Menomonie middle schoolers host Autism Awareness Week
Menomonie, Wis. (WEAU) -A group of students at Menomonie Middle School have come together to spread the message that it’s okay to be different.
As the bell rang for lunch at Menomonie middle school a sea of blue filled the cafeteria.
The middle schoolers were sporting blue on Wednesday to celebrate a week-worth of events organized by their peers.
“Autism Awareness Week is just a week where we can encourage people to just really show their support for Autistic people, like for example we are wearing blue today,” 7th grader, Amelia Osterhuas said. “We have a school dress up day, so today’s blue.”
Dress-up days were just one of the ideas these students known as the Autism Awareness group came up with.
“We are doing the penny wars which students bring in coins or dollars to put in their pod’s bin,” 8th grader, Aiden Anderson, said.
The group also had a table setup to sell stickers and bracelets. The money they fundraised will go towards adding a new edition to the sensory room at their school. A sensory room is a space for students to take a mental break if needed.
All of this was made possible by one 8th grader, Ian Conklin, who wanted to make a change at his school.
“Well it’s hosted by me back in 7th grade, which was like 2021,” Conklin said. “It went really well. We raised over like $1,400.”
for Conklin spreading awareness about Autism really hits home.
“I’ve had Autism for a while and in 7th grade I was bullied because this girl didn’t know I had Autism,” Conklin said. “Then after that I wanted to help kids with Autism not get bullied by people who don’t know that they have Autism.”
Although Conklin is the founder of the group he does not plan to let Autism Awareness Week come to a halt when he moves on to high school.
“After the week we are going to have a vote in the group to see who can become the next president for the group next,” Conklin said.
Osterhaus decided to throw her hat in the ring.

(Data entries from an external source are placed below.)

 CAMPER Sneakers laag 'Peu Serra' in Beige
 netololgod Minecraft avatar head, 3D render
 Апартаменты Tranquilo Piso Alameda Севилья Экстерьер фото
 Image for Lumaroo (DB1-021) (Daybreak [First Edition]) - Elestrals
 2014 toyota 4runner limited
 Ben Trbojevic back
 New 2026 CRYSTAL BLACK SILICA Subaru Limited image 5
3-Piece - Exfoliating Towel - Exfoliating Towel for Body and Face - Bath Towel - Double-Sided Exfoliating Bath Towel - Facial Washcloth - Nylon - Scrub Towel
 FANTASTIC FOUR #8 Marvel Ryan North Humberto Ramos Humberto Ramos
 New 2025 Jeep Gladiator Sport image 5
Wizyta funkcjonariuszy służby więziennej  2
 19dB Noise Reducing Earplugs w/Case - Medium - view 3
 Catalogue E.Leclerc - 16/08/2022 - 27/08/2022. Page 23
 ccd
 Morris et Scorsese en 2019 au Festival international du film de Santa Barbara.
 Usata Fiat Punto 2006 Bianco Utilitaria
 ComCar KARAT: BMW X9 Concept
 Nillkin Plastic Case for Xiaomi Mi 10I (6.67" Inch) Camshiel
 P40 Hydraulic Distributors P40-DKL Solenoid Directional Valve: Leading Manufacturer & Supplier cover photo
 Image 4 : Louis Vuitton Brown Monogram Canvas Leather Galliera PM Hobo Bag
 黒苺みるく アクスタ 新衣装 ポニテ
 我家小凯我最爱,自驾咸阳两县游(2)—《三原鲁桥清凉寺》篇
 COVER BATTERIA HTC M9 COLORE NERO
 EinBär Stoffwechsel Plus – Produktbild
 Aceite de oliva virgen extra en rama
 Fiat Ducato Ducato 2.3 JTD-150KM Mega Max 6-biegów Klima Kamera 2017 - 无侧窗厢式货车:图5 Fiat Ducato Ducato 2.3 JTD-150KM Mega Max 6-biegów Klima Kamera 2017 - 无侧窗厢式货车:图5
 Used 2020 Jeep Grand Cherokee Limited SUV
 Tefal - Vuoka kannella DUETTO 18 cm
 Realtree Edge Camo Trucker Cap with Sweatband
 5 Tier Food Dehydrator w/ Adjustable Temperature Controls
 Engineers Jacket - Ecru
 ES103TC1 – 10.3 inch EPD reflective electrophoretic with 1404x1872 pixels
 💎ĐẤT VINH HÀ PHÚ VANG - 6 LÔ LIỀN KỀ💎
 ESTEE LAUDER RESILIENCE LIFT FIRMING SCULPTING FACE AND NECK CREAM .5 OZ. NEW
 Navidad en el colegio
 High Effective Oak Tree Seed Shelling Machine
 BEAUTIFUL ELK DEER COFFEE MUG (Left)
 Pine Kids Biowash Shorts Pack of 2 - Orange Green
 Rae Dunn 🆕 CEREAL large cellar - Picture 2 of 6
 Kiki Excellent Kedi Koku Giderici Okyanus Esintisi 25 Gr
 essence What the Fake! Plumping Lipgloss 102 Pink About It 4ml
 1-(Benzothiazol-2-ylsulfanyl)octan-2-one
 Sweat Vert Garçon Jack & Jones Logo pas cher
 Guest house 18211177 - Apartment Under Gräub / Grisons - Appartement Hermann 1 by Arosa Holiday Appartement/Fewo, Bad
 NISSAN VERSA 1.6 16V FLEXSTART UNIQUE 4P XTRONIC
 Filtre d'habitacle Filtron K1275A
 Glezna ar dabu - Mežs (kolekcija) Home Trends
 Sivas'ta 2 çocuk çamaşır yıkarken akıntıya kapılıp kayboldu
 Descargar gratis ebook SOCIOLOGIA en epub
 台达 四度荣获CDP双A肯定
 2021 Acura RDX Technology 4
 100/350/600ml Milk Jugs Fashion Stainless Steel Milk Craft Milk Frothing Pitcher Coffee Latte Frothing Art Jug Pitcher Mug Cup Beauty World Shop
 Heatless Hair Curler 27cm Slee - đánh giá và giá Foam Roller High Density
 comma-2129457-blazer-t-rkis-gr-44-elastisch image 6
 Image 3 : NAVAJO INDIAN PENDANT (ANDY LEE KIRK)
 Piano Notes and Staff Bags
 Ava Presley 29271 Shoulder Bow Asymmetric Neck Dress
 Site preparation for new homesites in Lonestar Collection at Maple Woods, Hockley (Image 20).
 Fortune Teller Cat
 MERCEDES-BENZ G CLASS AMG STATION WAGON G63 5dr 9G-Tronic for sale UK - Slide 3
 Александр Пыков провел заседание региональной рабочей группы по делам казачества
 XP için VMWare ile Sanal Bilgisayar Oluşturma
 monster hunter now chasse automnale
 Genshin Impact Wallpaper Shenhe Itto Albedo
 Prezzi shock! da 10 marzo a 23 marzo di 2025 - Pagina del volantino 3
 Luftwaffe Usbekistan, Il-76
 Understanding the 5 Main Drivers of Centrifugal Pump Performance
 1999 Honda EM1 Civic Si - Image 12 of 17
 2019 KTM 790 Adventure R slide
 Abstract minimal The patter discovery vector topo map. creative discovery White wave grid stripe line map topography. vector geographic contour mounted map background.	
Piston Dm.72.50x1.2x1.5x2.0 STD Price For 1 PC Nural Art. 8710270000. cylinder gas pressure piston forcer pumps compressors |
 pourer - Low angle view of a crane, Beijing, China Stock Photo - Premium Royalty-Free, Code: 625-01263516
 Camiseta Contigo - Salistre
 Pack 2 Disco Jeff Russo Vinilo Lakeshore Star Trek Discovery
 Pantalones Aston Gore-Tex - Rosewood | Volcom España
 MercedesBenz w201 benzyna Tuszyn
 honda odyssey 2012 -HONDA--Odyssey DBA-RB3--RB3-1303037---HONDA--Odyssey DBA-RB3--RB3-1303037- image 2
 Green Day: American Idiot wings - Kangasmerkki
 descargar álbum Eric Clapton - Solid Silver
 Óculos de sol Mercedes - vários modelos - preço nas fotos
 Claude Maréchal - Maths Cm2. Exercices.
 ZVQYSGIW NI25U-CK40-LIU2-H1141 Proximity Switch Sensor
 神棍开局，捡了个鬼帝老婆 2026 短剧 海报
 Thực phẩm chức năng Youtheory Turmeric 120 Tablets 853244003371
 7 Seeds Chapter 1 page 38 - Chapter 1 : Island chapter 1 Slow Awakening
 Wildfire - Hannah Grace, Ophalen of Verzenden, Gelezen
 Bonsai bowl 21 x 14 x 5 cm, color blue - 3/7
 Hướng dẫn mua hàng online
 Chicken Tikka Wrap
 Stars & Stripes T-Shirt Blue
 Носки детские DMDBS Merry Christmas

“I’m in the running, " Osterhaus said. “We’re not 100 percent sure who’s going to be the next, but I’m running.”
Overall, the events were made possible by students who showcased their leadership skills by sending a positive message.
“I wanted to be there and be a part of making sure everyone’s included,” Anderson said
“I love planning it and I love just seeing it all in action,” Osterhaus said.
“We had so many 8th graders coming over that were picking out like the free stickers that we have over there and it’s like, they were like, we support Autism,” Conklin said.